Hurricane Bill, the first of the 2009 Atlantic season, gathered strength and grew into a dangerous Category 4 storm with sustained winds of up to 135 mph (215 kph) on Wednesday, the U.S. National Hurricane Center said.
Bill posed no threat to oil installations in the Gulf of Mexico but authorities in Bermuda, a British territory and reinsurance capital, warned residents to be prepared.
Energy markets watch storms in the Gulf of Mexico closely because the region produces a quarter of U.S. oil and 15 percent of its natural gas.

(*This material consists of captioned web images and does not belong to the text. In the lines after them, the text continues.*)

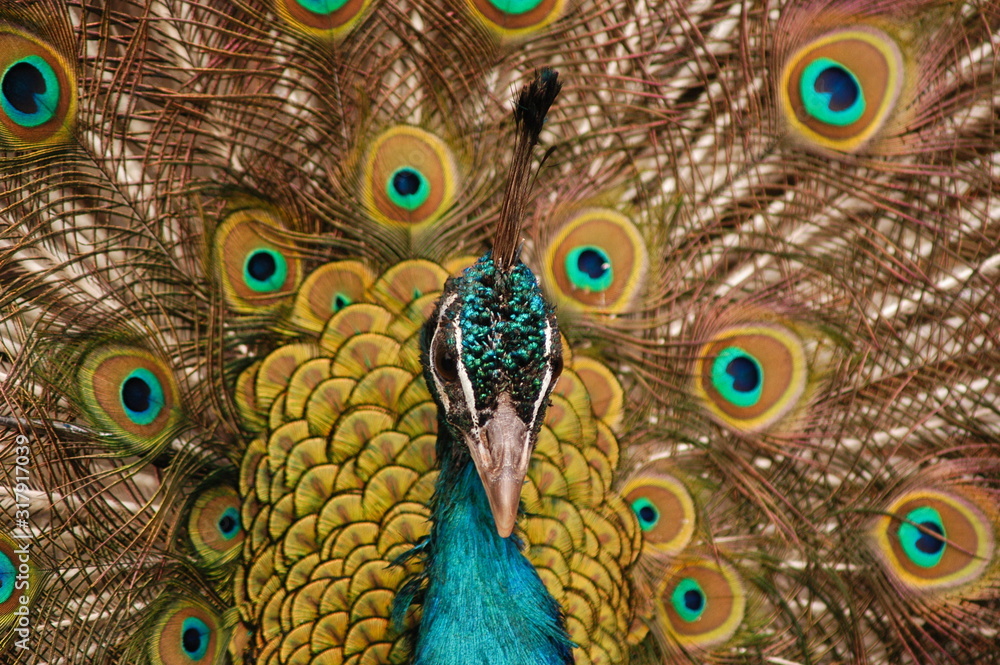 Obraz premium Peacock distinguished by a crest of upright feathers and by greatly elongated loosely webbed upper tail coverts which are mostly tipped with iridescent spots .
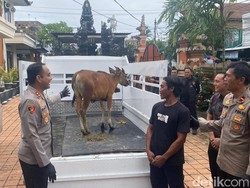 Ditawar Rp 3 Juta Tak Dilepas, Anak Sapi di Karangasem Dicuri Calon Pembeli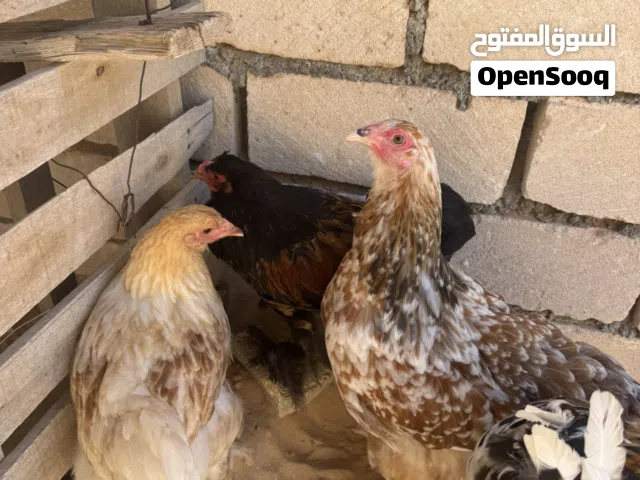 دجاج  برهمي لي بيع
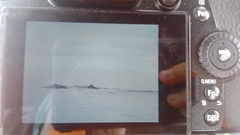 Physeter macrocephalus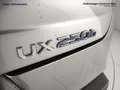 Lexus UX 250h 250h 2.0 luxury 2wd cvt my20 Gris - thumbnail 21
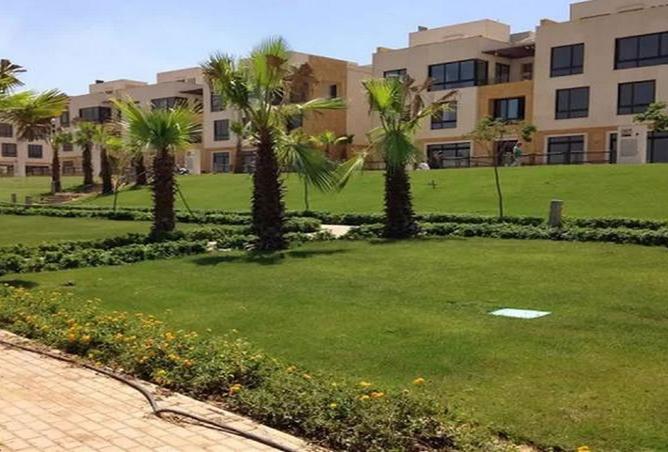 8126183 - Property Image 3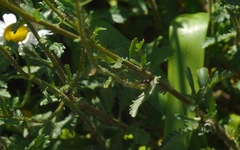 Dioctria hyalipennis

With winds extending outward 45 miles (72 km), Bill was expected to push well past the Leeward Islands late Wednesday and early Thursday but hurricane center officials still urged islanders to be on the alert.
At 5 a.m. EST (0900 GMT), Bill’s center was about 460 miles (740km) east of the Leeward Islands and moving west-northwest at 16 mph (26 kmh).
“The core of this dangerous hurricane will be passing well to the northeast of the northern Leeward Islands late today and early Thursday,” the hurricane center advisory said.
The storm had the potential to grow in the next 24 hours and turn toward the northwest, the advisory said.
Hurricanes of Category 3 or higher on the five-step Saffir-Simpson intensity scale are considered “major” and are the most destructive type.
WATCH ON ANA
Energy traders were keeping an eye on the remnants of Tropical Storm Ana, which was producing thunderstorms over Haiti, Cuba and the Bahamas.
The NHC forecast the storm front had a low chance — less than 30 percent — of becoming a tropical cyclone again over the next 48 hours.
One forecaster, AccuWeather.com, said it was unlikely but possible the system could regenerate over the eastern Gulf later in the week. Some forecasters noted Ana had already regenerated once.
Hurricane expert Jeff Masters, founder of the Weather Underground website, said he expected Hurricane Bill to move between Bermuda and the U.S. East Coast toward Canada’s Maritime Provinces.
“I think the likely main impact (on the U.S. coast) is going to be beach erosion and coastal waves,” he said. “Direct impacts are unlikely.”
Bill will encounter energy-sapping cool water when it reaches North Carolina but could still be a Category 1 hurricane near Nova Scotia and Newfoundland, Masters said.
The U.S. National Hurricane Center sent a plane to probe the cyclone’s swirling cloud mass Tuesday, then forecasted that Bill could strengthen to a Category 4 hurricane in the next 24 hours, which it did.
The hurricane center notes that long-range track forecasts — from three to five days in advance — have average errors of several hundred miles.